The post that follows is by our guest author Alice Motes, who is a Research Data and Preservation Manager at the University of Surrey, UK.
What’s Open science?
Great question! Open science refers to a wide range of approaches to doing science including open access to publications, open data, open software/code, open peer review, and citizen science (among others). It is driven by principles of transparency, accessibility, and collaboration resulting in a very different model of production and dissemination of science than is currently practiced in most fields. There tends to be a gap between what scientists believe and how they actually behave. For example, most scientists agree that sharing data is important to the progress of science. However, fewer of those same scientists report sharing their data or having easily accessible data (Tenopis et al. 2011).

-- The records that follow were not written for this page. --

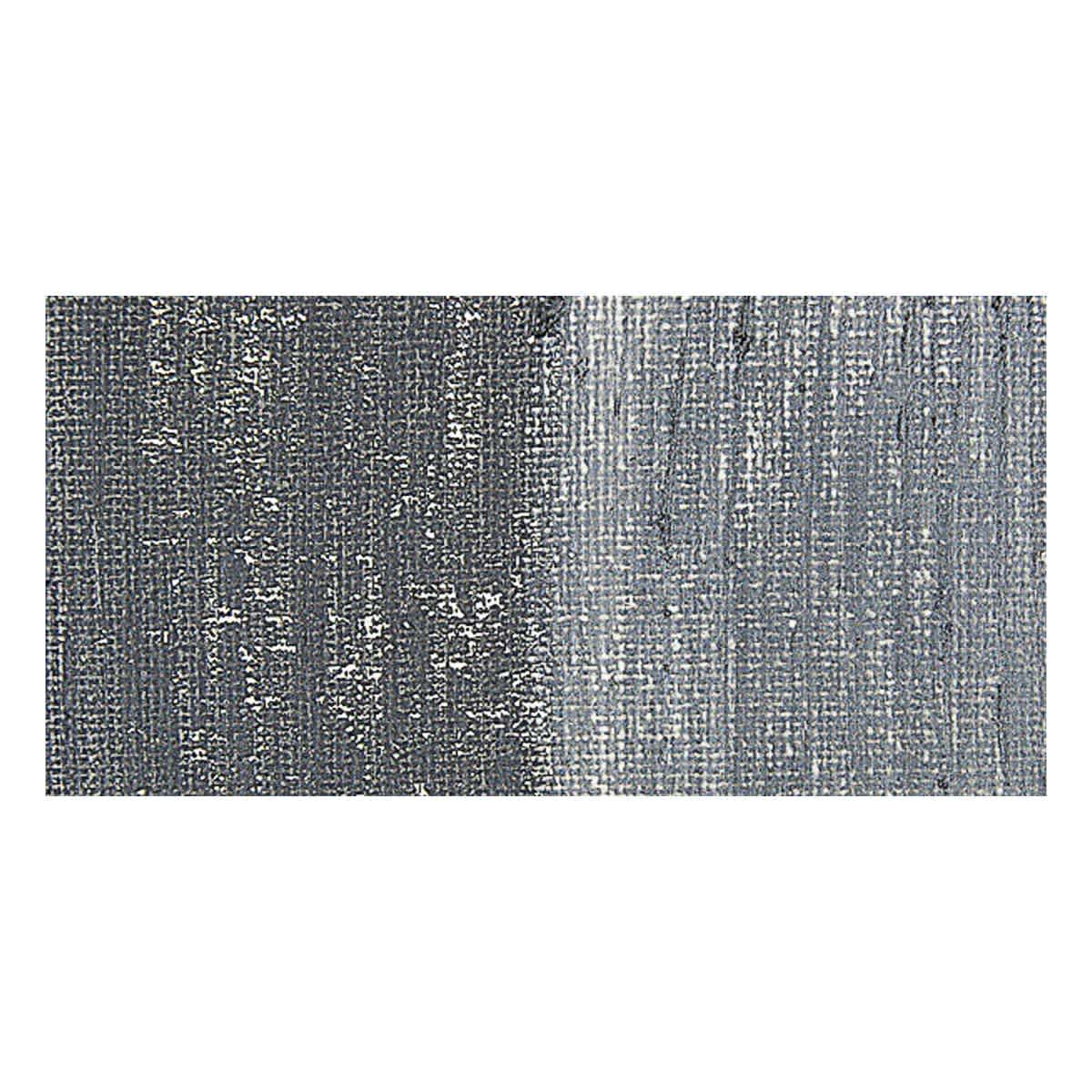 Shiva Oilstik Oil Paint - Iridescent Charcoal swatch
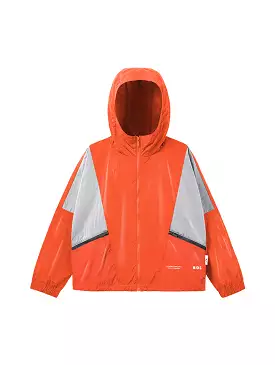 UrbanExplorer Family Matching Windproof Jacket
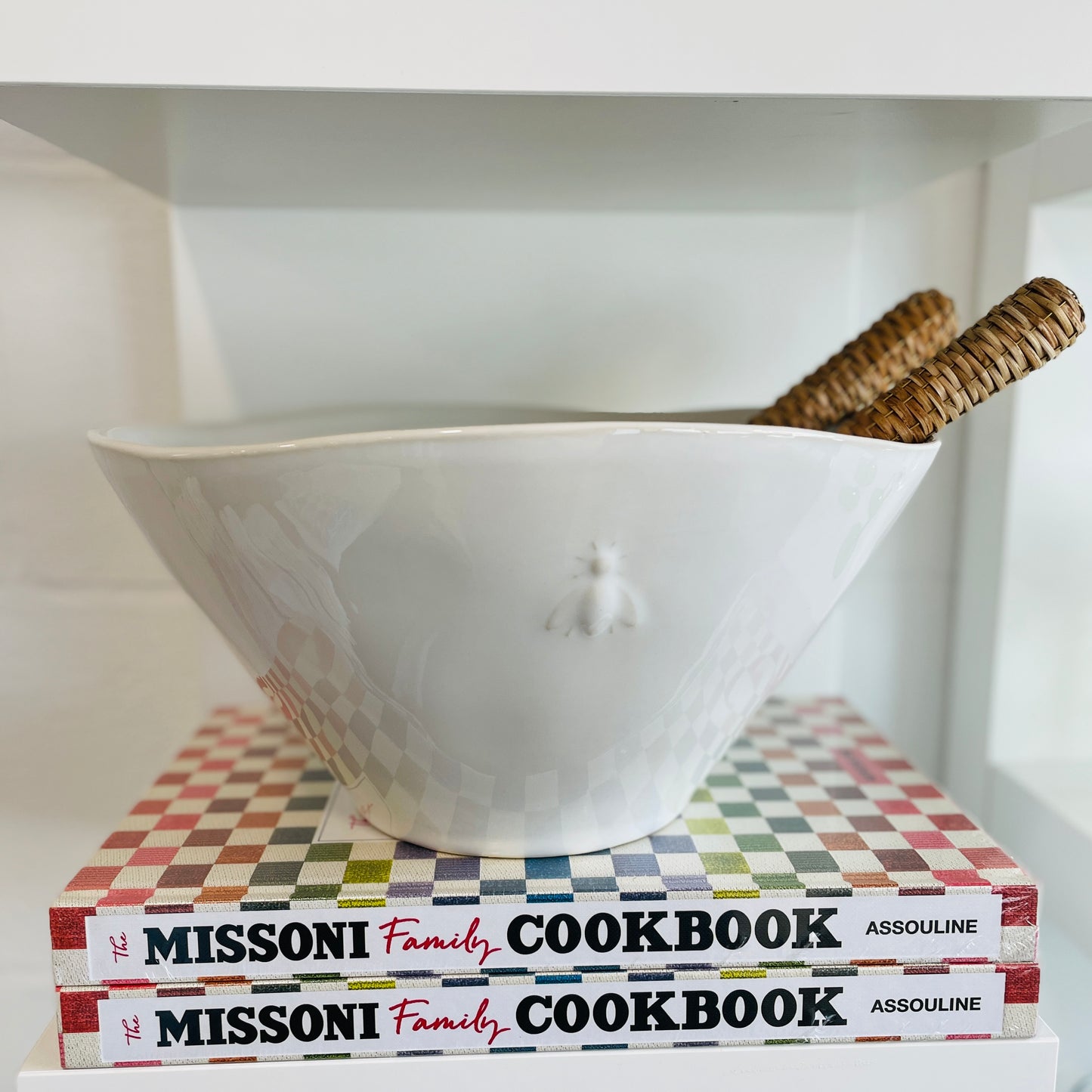 BEE SERVING BOWL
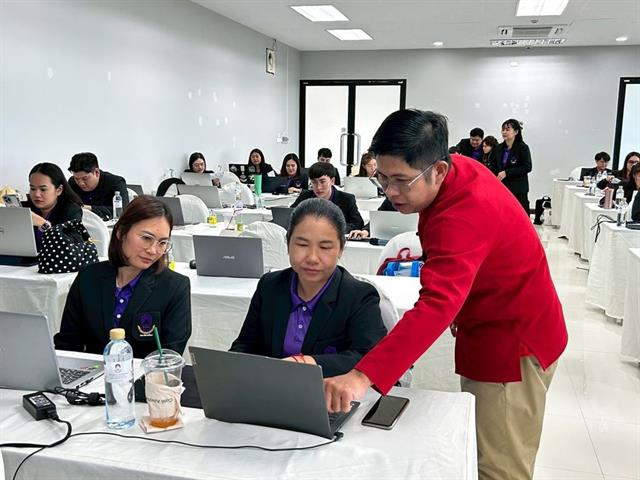 วิทยาเขตเชียงราย อบรมจริยธรรมวิจัยในมนุษย์สำหรับนิสิตบัณฑิตศึกษา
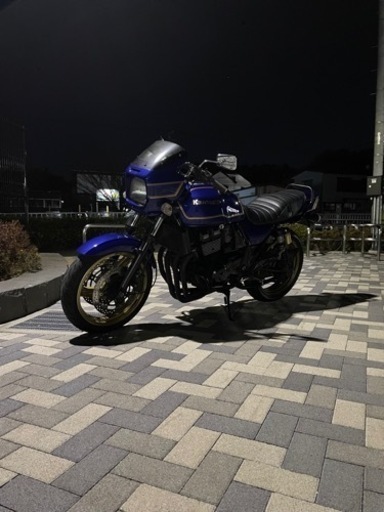 zrx400 1型　2007 手元67万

In many ways, open science is about engaging in full faith with the ideals of the scientific process, which prizes transparency, verification, reproducibility, and building on each other’s work to push the field forward. Open science encourages opening up all parts of the scientific process, but I want to focus on data. (Conveniently, the area I’m most familiar with! Funny that.) Open data is a natural extension of open access to academic publications.

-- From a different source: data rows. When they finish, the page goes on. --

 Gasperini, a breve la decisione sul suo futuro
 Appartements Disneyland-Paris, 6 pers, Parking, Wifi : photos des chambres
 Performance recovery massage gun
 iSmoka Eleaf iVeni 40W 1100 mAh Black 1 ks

Most scholars have probably benefited from open access to academic journals. (Or hit a paywall to a non-open access journal article. Did you know publishers have profit margins higher than Apple?) The strongest argument behind open access is that restrictions on who can get these articles slows scientific advancement and breakthroughs by disadvantaging scientists without access. Combine that with the fact that most research is partially or wholly funded by public money and it’s not a stretch to suggest that these outputs should be made available to the benefit of everyone, scientist and citizens.
Open data is extending this idea into the realm of the data, suggesting that sharing data for verification and reuse can catch errors earlier, foster innovative uses of data, and push science forward faster and more transparently to the benefit of the field. Not to mention the knock on benefits of those advances to the public and broader society. Some versions of open data advocate for broaden access beyond scientific communities into the public sphere, where data may be examined and reused in potentially entrepreneurial ways to the benefit of society and the economy. You may also see the term open data applied in relation to government agencies at all levels releasing data that they hold as part of a push for transparency in governance and potential reuse by entrepreneurs, like using Transport for London’s API to build travel apps.
What are the potential benefits to open data?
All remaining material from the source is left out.